On Saturday, I was in a Borders Express and picked up a copy of the Borders exclusive book The Great Snape Debate. (Hat Tip to swordofgryffindor.com for the heads up.) Yes, yet another "waiting for book 7" Harry Potter read. Just think how much fun it will be to have these speculative books in years to come, when the whole world knows the entire saga forwards and backwards!
This little book is a bit of publicity stunt, I guess, but such a smart one! My Borders is even hosting an actual debate Saturday after next, where people will come in and discuss Snape. The book is published by BenBella Press, the folks who do the "smart pop" series (I recently read their Flirting With Pride and Prejudice, to which I gave a mixed review over at Epinions). BenBella is known for having authors engage topics with a mixture of academic seriousness and fun.
The Great Snape Debate, as you might guess, contains essays debating Snape's loyalty and where it lies. To make it even more fun, the book is designed as a "flip book" with two covers. One side of the book is titled "The Case for Snape's Innocence" and has a cauldron with what looks like phoenix-shaped flames rising from it. When you flip the book, the other side reads "The Case for Snape's Guilt" and has the same cauldron with a big ol' green cobra-like serpent rearing his head. I have to keep the book flipped to the "Innocence" side, not only because of my own firm beliefs in Snape's ultimate loyalties, but because I'm afraid the cheesy but creepy looking snake might freak out my daughter.
With so many of these kinds of speculative books coming out in the months leading up to the release of Deathly Hallows, I honestly would not have bought this one (or perhaps even looked at it twice) except that one of the three contributing authors is Orson Scott Card. That hooked me immediately. Card is a superb writer, and also (and this is what really interests me) a superb writer about writing. I knew he was a Harry fan, and I was curious to hear his take on what he thinks Rowling has been up to with Snape's character as well as with the series in general. His main essay is found right in the middle of the book (near the flip section) and is entitled "Who is Snape?" He traces his development as a character throughout the series, and speculates a bit as to the way his role may have evolved in Rowling's own creative process. I don't think I agree with all of his ideas, but that makes it more fun.
One of the more interesting observations he makes (and unpacks) is that "1. The character is the servant of the story... (and) 2. The author is also the servant of her most deeply held beliefs -- the things that she believes without even knowing she believes them. "

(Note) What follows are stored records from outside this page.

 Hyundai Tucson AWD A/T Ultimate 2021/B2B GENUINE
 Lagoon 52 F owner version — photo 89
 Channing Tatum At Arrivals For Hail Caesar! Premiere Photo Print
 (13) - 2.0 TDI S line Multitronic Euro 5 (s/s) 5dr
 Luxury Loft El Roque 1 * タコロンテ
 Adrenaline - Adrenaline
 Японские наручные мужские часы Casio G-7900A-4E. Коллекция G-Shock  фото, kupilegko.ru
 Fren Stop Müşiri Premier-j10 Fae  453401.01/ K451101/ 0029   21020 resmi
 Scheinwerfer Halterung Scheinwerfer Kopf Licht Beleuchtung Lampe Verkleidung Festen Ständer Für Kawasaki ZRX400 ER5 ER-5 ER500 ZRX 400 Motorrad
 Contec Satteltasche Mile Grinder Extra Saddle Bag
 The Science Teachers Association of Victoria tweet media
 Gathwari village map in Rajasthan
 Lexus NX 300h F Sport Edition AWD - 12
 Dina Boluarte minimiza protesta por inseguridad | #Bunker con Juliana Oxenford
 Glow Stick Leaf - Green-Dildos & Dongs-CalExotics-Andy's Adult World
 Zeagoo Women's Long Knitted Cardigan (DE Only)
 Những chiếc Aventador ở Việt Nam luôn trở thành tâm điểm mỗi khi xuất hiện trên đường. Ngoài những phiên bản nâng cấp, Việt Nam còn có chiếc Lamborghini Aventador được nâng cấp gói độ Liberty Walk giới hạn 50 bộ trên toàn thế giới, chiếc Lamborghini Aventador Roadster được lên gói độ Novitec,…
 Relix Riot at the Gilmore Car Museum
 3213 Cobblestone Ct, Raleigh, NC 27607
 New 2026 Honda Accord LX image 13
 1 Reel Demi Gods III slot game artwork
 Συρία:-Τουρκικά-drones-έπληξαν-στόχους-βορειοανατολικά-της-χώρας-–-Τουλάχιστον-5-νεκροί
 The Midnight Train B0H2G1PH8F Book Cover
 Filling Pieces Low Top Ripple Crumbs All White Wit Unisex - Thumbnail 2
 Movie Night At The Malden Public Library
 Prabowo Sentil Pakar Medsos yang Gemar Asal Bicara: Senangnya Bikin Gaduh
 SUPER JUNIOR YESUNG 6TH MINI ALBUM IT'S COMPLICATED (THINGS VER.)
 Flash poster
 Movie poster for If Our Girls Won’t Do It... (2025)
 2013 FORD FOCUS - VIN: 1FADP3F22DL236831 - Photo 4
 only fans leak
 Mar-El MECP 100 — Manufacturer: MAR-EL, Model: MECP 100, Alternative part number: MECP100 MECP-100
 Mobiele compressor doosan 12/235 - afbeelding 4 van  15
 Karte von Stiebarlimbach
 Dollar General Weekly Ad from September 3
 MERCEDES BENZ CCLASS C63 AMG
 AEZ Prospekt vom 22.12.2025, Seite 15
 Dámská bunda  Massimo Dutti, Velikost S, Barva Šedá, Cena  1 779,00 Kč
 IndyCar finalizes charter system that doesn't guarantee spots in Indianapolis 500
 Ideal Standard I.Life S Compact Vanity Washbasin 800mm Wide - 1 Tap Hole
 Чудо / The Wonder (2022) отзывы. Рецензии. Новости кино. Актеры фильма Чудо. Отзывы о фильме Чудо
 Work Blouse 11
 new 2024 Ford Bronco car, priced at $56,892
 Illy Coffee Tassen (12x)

As fun as it is, The Great Snape Debate is not, as far as I can tell from my selective reading of the essays thus far, anywhere near the caliber of some of the really excellent pre-book 7 work. My favorite two, and I would wager two of the very best, are Janet Batchler's What Will Harry Do? and John Granger's Unlocking Harry Potter. If you can only read (or purchase) two books concerning Harry Potter before we reach the final installment, those are the two. Janet brings a screenwriter's eye to the unfolding drama of the series, helping readers notice "set-ups" and be on the lookout for "pay-offs." Her book is comprehensive, painstaking, sticks with the canon, and is a lot of fun to read! John's book is a tour de force...especially when it comes to looking at HP in light of alchemical literature and postmodernism. I'm still working my way slowly through it and enjoying every bit.
Meanwhile, I'm continuing my re-read of Harry, and have just finished Prisoner of Azkaban. I think it's still my favorite book of the first six. What's your's?